Chicago’s Aragon Ballroom on the north side of the city played host to three heavy hitters Sunday November 4, 2018. The bill provided fans a bit of relief from near constant coverage running up to the midterm elections. There more than a few “I Voted” (early in those cases) wristbands, politically motivated t-shirts and buttons visible. But for the most part this show would promise a a time-out from the heavy 24 hours news cycle.
The crowd proved that they were among those undeterred by heavy rains. They were too interested in watching Jawbreaker, a beloved headliner returning to Chicago roughly a year after the city played host to the band’s reunion at Riot Fest 2017. There had been more than a little grumbling about the ticket prices for this show when it was first announced. However, it appeared those in attendance in short order decided that shelling out north of $40 was well worth it. Surely seeing two groups of favorite sons, Naked Raygun and Smoking Popes from Chicago’s tight knit punk rock community helped.

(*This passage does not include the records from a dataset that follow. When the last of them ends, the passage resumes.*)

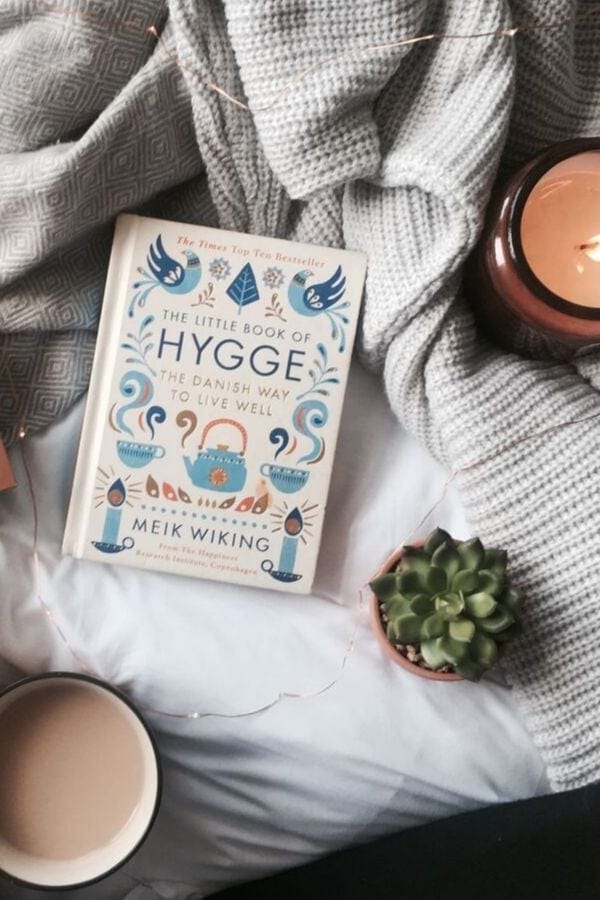 overhead shot of The Little Book of Hygge by Meik Wiking lying on a bed with a lit scented candle and a mug of coffee on the side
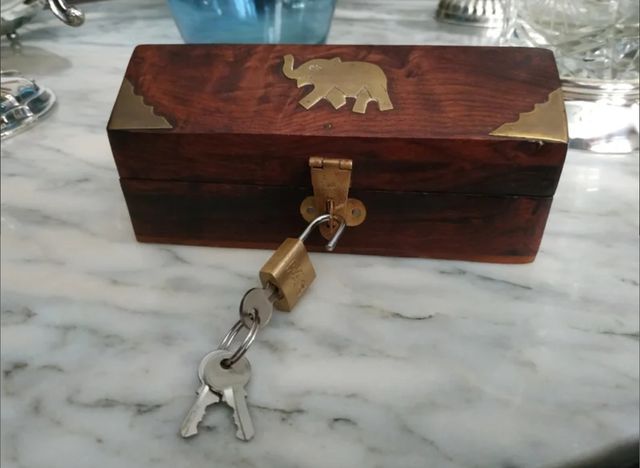 Caja de madera con adornos de metal y candado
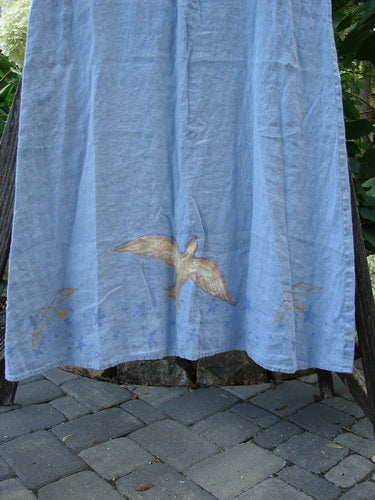 1999 Handkerchief Linen Sunbeam Dress Love Dove Water Altered Size 1 hanging on a clothes rack, showcasing its lightweight linen fabric and bright paint in the Love Dove theme.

Speaking of tight knit, this show did draw a strong representation of aforementioned community. Spotted in the crowd, but not a complete list by any means I’m sure, were members of Pegboy, The Bollweevils, Death and Memphis; and The Usuals.
The Smoking Popes launched into a set of both old tracks and new tunes from “Into The Agony,” the band’s first full length album in many years. Lead singer Josh Caterer dedicated “You Spoke To Me,” off their third album, 1997’s “Destination Failure,” to Jawbreaker, as the song was written about Blake Schwarzenbach himself. Caterer described how fortunate he felt to be on same bill as one of his musical inspirations.
Naked Raygun is routinely described as legendary. And despite any hesitation about that word from its founder and lead singer Jeff Pezzati, it is so frequently used one may come to believe that is actually part of the band’s name.
There had been rumors that due to heath and other concerns, this show would be Naked Raygun’s last live performance. Jeff Pezzati dispelled those rumors and assured me they will in fact continue playing live shows.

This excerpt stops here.